The company cut by 15 percent its forecasted six-monthly earnings before interest and tax (ebit) of $5.2 million, blaming poorer than expected sales and cost problems in its Hamilton-based Technical Injection business.
Its full-year ebit forecast of $11.2 million was cut by 10 percent.
Vertex is also being investigated by the Stock Exchange's market surveillance panel over whether Vertex complied with listing rules, such as sufficient disclosure.
A company presentation to brokers today was described as "unconvincing" by one broker, but Vertex managing director Paddy Boyle said the presentation had not contained any market sensitive information.
Richard Burton of Forsyth Barr Frater Williams said recently that investors were concerned Vertex was downgrading its forecasts only a few months after they had been made.

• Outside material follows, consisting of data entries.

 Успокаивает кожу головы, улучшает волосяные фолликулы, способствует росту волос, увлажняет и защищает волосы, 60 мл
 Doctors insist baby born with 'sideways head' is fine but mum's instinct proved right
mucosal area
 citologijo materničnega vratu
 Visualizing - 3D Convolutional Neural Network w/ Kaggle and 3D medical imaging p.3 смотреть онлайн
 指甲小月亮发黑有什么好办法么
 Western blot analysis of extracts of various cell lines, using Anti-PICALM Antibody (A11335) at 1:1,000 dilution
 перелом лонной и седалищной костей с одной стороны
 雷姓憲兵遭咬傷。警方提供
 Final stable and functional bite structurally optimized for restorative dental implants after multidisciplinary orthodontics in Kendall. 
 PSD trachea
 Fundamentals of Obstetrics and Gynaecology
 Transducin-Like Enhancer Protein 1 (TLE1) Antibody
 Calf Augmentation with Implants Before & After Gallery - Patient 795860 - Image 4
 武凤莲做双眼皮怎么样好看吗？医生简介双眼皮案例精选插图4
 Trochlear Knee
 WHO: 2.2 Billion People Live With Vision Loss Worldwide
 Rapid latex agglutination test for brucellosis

"Vertex had a forecast that was above what its traditional businesses made in the past, and it's the new part that they've been expanding into that hasn't performed.
"The other problem there is when you have a stock with 100 percent free-float like Vertex, there's no major shareholder. When all the shareholders want to get out at the same time it can mean the stock gets oversold," he said.
Vertex emerged from Carter Holt Harvey's plastics packaging business. Its most recognisable products include containers for Tip Top brand ice-cream and Fresh 'N Fruity yoghurt.